* **DIRECTIONS FOR THIS TASK**: Find the line with "Aufgenommen am ZOB Billstedt, 21.5.2011." in the data below. Repeat it and every line after it up to the end, exactly, but drop the pictures.

● ● ● ● ●

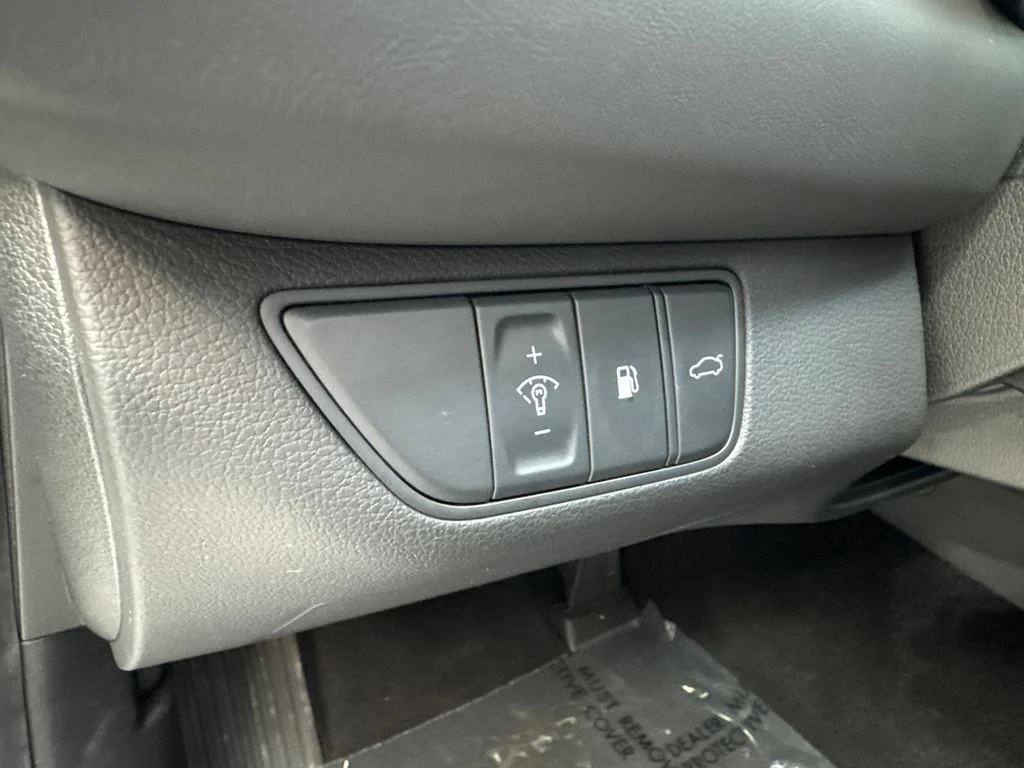 Used 2025 Silver Genesis 2.5T image 55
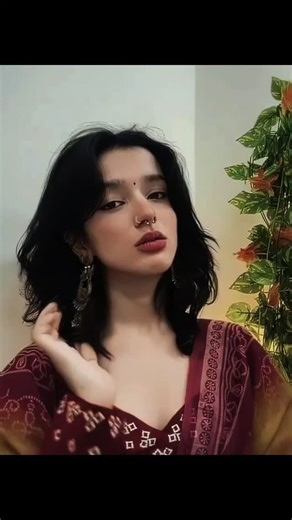 𝐌𝐨𝐦𝐢𝐧 𝐊𝐚𝐫𝐞𝐞𝐦 on Instagram: "Post #478 Want Template 🤭 do this 👇🏻👇🏻 Follow me and tag @shagunvermaaa_ to get the template for free 🫶🏻😉💗 #explorepage #trending #capcutedit #softslowmo #exploremore #exploremore #trendingreels #trendingtemplate #viral #capcuttutorial #trendingpage #capcuttemplate❤️ #trendingtemplate #girlishtemplate #hot #gir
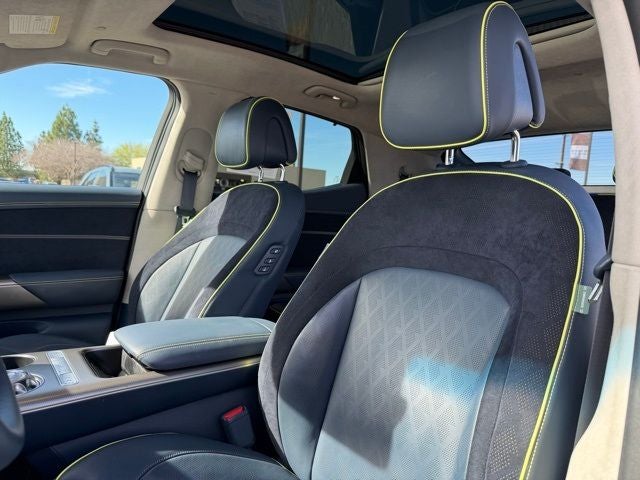 2023 Genesis GV60 Performance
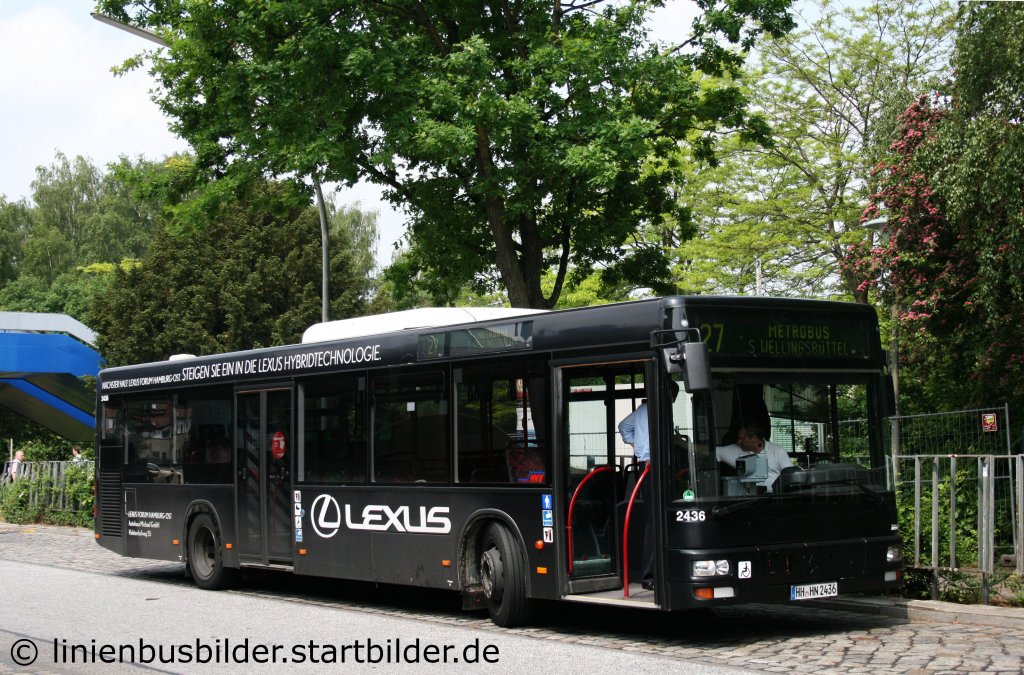Hochbahn 2436 mit Werbung fr Lexus.
Aufgenommen am ZOB Billstedt, 21.5.2011.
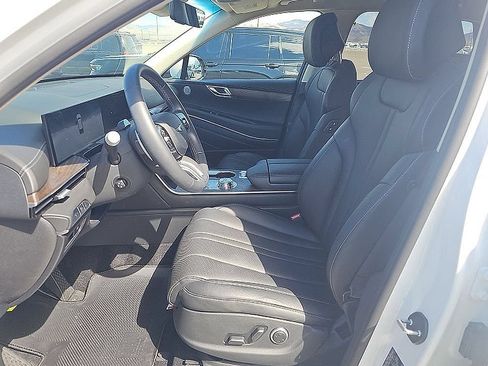 Used 2025 Genesis GV80 2.5T Select AWD/4WD image 7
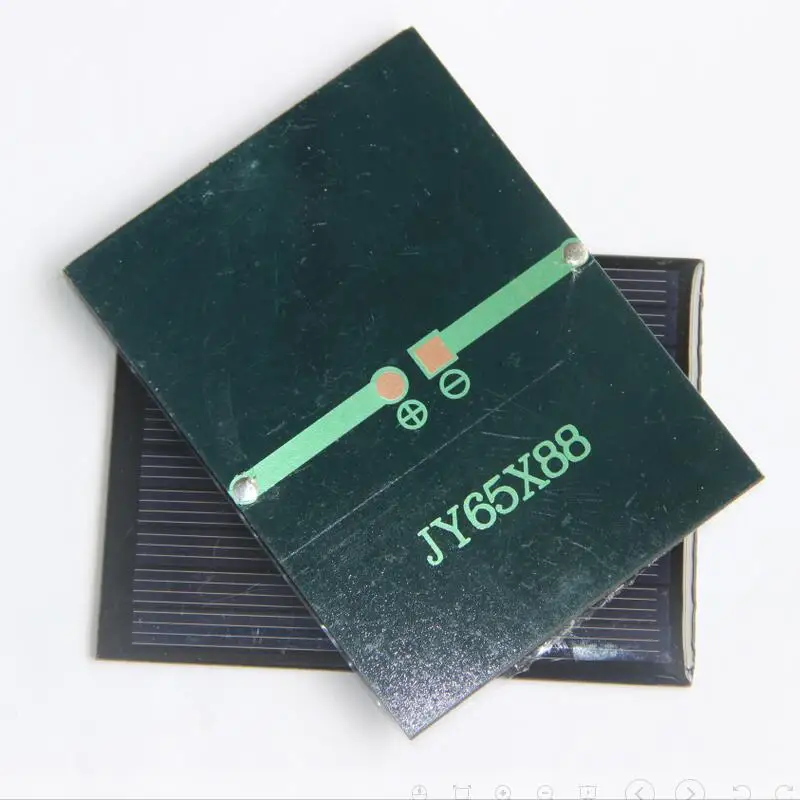 0.7W DIY Mini Solar Panels 5V for 3.7V Electronic Toys Charr Small Poly Solar Cells 65x88mm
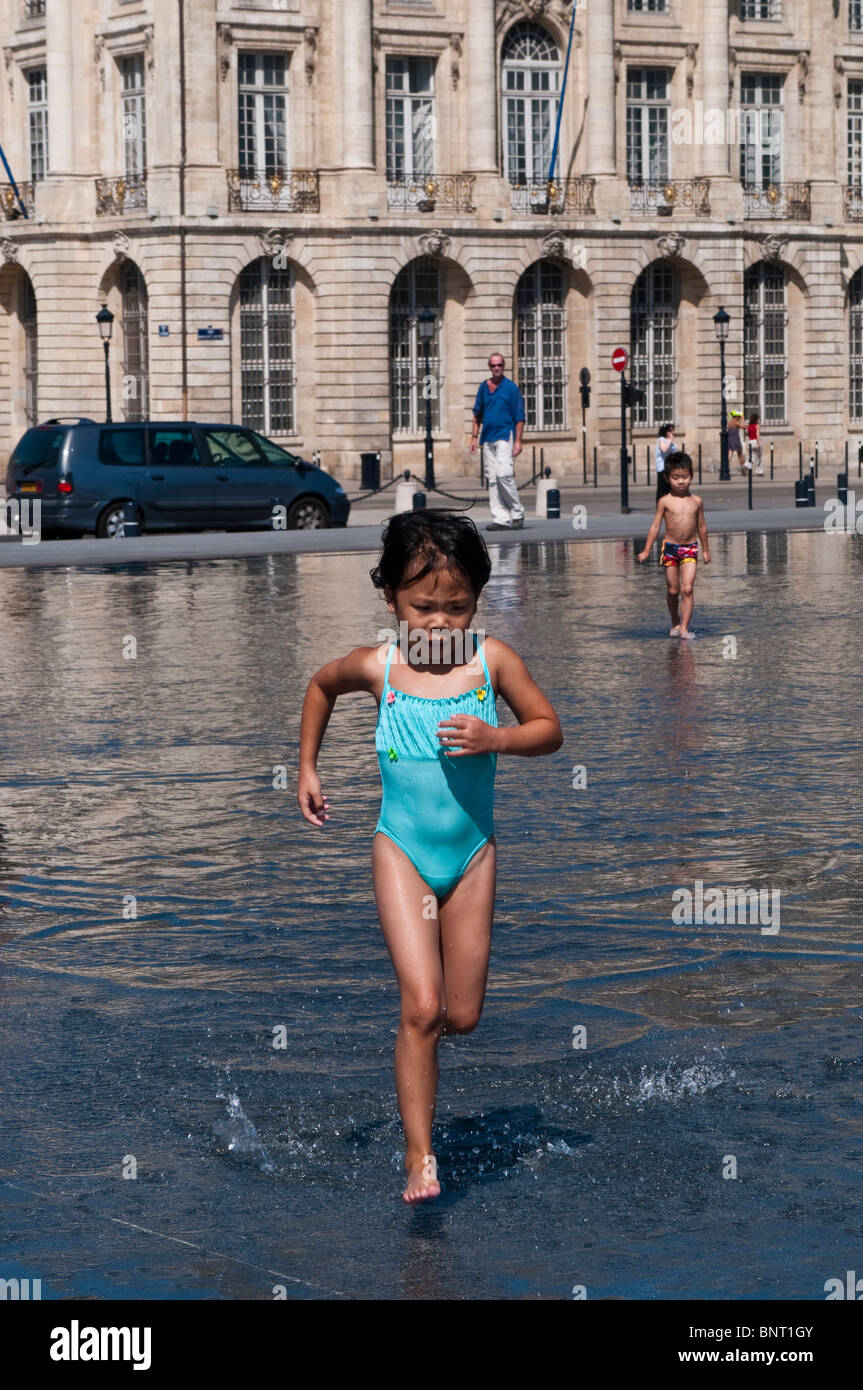 Vista Superior De Una Niña Pequeña En Una Bolsa De Frijoles Flotante  Relajándose En Una Piscina Azul. Fotos, retratos, imágenes y fotografía de  archivo libres de derecho. Image 162122611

● ● ● ● ●

* **EXERCISE ANSWER**:
Aufgenommen am ZOB Billstedt, 21.5.2011.
 Used 2025 Genesis GV80 2.5T Select AWD/4WD image 7
 0.7W DIY Mini Solar Panels 5V for 3.7V Electronic Toys Charr Small Poly Solar Cells 65x88mm
 Vista Superior De Una Niña Pequeña En Una Bolsa De Frijoles Flotante  Relajándose En Una Piscina Azul. Fotos, retratos, imágenes y fotografía de  archivo libres de derecho. Image 162122611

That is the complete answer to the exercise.